ECLI:NL:HR:2020:198
Hoge Raad
- Cassatie
- Rechtspraak.nl
Cassatie tegen uitspraak Gerechtshof Amsterdam inzake navorderingsaanslag inkomstenbelasting
In deze zaak heeft de Hoge Raad op 7 februari 2020 uitspraak gedaan in een cassatieprocedure tegen de uitspraak van het Gerechtshof Amsterdam van 19 maart 2019. De belanghebbende, een persoon te [Z], had beroep in cassatie ingesteld tegen de uitspraak van het Hof, die betrekking had op een navorderingsaanslag in de inkomstenbelasting/premie volksverzekeringen voor het jaar 2014. De Staatssecretaris van Financiën had een verweerschrift ingediend, maar de Hoge Raad heeft geen acht geslagen op aanvullende geschriften van de belanghebbende na het verstrijken van de termijn voor het indienen van een conclusie van repliek.
De Hoge Raad heeft de klachten van de belanghebbende over de uitspraak van het Hof beoordeeld. De uitkomst was dat deze klachten niet konden leiden tot vernietiging van de uitspraak van het Hof.

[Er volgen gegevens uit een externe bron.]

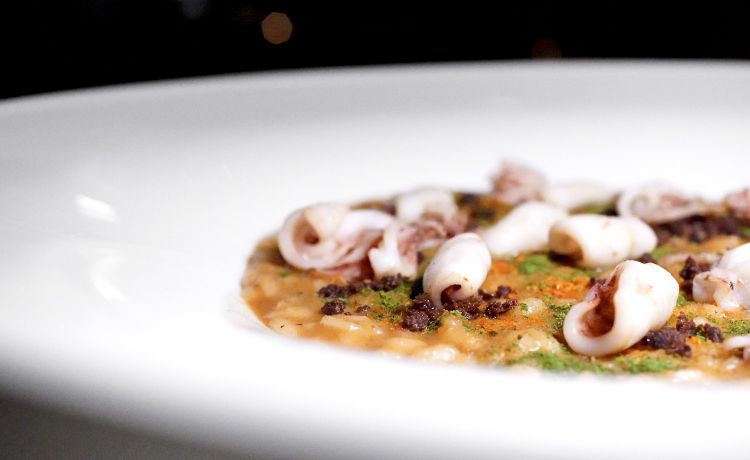 Carnaroli Riserva San Massimo, fondo di moscardini e totani, fragolini locali, pomodoro, peperoncino, terra di olive taggiasche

De Hoge Raad heeft in dit geval geen motivering hoeven geven voor zijn oordeel, aangezien de klachten niet relevant waren voor de eenheid of ontwikkeling van het recht, zoals bedoeld in artikel 81, lid 1, van de Wet op de rechterlijke organisatie.
De Hoge Raad heeft ook geen aanleiding gezien om de Staatssecretaris van Financiën te veroordelen in de proceskosten. Uiteindelijk heeft de Hoge Raad het beroep in cassatie ongegrond verklaard, waarmee de uitspraak van het Gerechtshof Amsterdam in stand blijft.